Christian Puren, dans son intervention au colloque de Rome, a remis dans une perspective historique ce qu’il appelle les « logiques documentaires ». Il en existe plusieurs en effet, chacune consistant en un modèle d’approche et de traitement différents du document selon la méthodologie à laquelle elle se rattache.
Dans la première méthodologie qui nous intéresse ici, parce qu’elle peut toujours être pertinente, la « méthodologie active » des années 1920-1960 en France, la logique qui s’impose est la « logique document » : la base est le texte à partir duquel les apprenants vont extraire de nouvelles connaissances langagières et culturelles, et à propos duquel, au cours du commentaire oral en classe, ils vont mobiliser leurs connaissances langagières et culturelles déjà acquises.
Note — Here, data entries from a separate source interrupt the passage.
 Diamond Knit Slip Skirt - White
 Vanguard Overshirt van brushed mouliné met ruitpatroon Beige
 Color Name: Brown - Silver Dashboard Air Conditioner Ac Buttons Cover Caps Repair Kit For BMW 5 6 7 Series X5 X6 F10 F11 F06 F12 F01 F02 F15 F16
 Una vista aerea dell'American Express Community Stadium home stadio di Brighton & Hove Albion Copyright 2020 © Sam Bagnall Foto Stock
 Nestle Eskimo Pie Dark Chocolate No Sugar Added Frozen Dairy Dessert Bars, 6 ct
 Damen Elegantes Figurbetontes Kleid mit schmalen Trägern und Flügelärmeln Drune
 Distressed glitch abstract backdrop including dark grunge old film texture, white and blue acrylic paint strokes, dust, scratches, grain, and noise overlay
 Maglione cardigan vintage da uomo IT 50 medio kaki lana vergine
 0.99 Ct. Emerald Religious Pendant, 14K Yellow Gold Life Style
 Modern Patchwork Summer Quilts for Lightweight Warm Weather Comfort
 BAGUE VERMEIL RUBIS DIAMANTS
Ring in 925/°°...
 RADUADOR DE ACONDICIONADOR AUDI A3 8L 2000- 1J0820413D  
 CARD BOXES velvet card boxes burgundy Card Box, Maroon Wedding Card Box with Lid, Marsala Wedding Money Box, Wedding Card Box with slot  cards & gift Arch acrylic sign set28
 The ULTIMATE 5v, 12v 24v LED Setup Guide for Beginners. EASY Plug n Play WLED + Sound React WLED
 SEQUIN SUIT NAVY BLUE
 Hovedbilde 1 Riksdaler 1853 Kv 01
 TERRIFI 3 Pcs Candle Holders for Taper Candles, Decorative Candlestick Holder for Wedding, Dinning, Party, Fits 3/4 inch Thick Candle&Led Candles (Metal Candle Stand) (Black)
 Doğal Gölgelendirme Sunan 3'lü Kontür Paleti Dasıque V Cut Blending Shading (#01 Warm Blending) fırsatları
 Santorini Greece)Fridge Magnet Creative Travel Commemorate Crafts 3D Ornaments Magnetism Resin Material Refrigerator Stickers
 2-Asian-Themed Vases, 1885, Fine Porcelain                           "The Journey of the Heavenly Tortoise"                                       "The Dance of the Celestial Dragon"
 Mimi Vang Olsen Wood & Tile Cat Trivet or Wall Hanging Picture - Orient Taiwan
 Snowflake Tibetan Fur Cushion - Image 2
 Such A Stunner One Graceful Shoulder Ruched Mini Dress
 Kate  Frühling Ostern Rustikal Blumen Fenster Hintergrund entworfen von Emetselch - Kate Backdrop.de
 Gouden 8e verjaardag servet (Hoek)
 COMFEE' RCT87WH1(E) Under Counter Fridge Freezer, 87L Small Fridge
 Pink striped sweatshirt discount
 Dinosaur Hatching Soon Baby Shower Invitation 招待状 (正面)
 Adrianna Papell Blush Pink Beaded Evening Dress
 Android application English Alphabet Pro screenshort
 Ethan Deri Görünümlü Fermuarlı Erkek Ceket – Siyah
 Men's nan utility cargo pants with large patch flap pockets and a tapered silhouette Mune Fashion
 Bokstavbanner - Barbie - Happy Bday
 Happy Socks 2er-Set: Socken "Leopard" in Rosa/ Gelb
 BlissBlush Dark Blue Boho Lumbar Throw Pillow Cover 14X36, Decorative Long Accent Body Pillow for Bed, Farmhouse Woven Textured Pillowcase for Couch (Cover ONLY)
Il s’agit là d’un dispositif dit d’ « intégration didactique maximale », dans lequel toutes les activités se réalisent à partir et à propos du texte unique, considéré comme « authentique » parce que représentatif de la langue et de la culture étrangères. Comme le déclare en 1902 un des grands méthodologues directs, Adrien Godard :
Dans ce double travail stylistique et grammatical, l'activité de l'élève est concentrée sur le texte, qui se fixe profondément dans sa mémoire. La lecture devient en même temps que le but, l'instrument principal de l'enseignement et ainsi se réalise, par l'explication des textes, cette collaboration mutuelle de tous les exercices et cette concentration du travail, qui doit être la loi de tout enseignement.[1]
Quelques années plus tard, les auteurs d’un manuel d’espagnol présentent ainsi l’intérêt de leur ouvrage :
Pratiqué d’une façon active, l’enseignement par les textes est le plus fécond, le plus complet. Lui seul met en pleine lumière les mille particularités d’une langue et les rend familières grâce à une gamme d’exercices très étendue : explication ; lecture d’ensemble du texte ; traduction claire et courageuse ; thème, résumé ou récit ; transposition ou imitation ; discussion d’idées ou commentaire. […] Guidés par les auteurs les plus célèbres, les élèves pénétreront dans l’intimité de la langue sans contrainte, sans ennui, car, même dans les extraits, palpite la vie, la profonde réalité des grandes œuvres.[2]